What would the Neighbors think?

celeste/NH
17 years ago

Hi All!

After waiting not-too-patiently for the snow to melt and for the temps to finally feel like Spring I was finally able to get out in my garden today for the first time. Spring came very late for us this year, and today felt like heaven. I was so happy to see my old "friends" (my roses) that I didn't realize I was talking to each of them as I pulled away the mulch & straw to behold them for the first time since last Fall. I was congratulating some of them for coming through our weird & wacky winter with so little dieback and exclaiming how beautiful they looked. For those who didn't fare as well, I was apologizing and expressing my sorrow that I had to prune off so much. I even went so far as to reassure each bush that in no time, it would be even more stunningly beautiful after its "haircut". I was so busy fussing over my roses that I didn't see my neighbor was peering over the fence to see who I was talking to. She looked confused because I was obviously talking to rosebushes (and bare rosebushes at that) and referring to them as "sweetheart" and "my poor baby". She politely asked how the roses were doing after the winter we had...all the while looking at the bare brown twigs I had just called "beautiful" and I am sure thinking what a NUT I am. She is a nice lady and will come over occasionally in the summer to check them out so she's cool.

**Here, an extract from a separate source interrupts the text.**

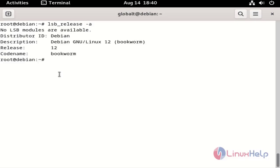My OS is Debian version 12. I am going to install the Qt Creator by using the following command.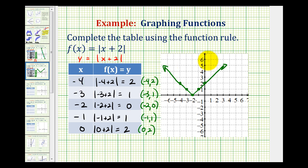We didn't actually have to select these exact x values — we can select any x values we want. But when graphing an absolute value function, we need enough points to determine the v-shape. Notice if we only found three of these points without the other two, we might mistake it for a line, when in fact all absolute value functions form a v-shape. I hope you found this helpful.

Our neighbors on the other side are an interesting mix. The wife is dabbling with gardening a little but I am sure she envies me that my husband is out there in the garden with me every free minute he has. Her husband comes home from work and drinks beer on the porch and belches loudly while she putters around in the yard alone. DH and I were outside digging up a new garden bed a while back when the husband yelled out "what's that going to be?" and when DH told him another rose garden the guy groaned... "MORE roses?"....followed by a lot of incoherent mumbling.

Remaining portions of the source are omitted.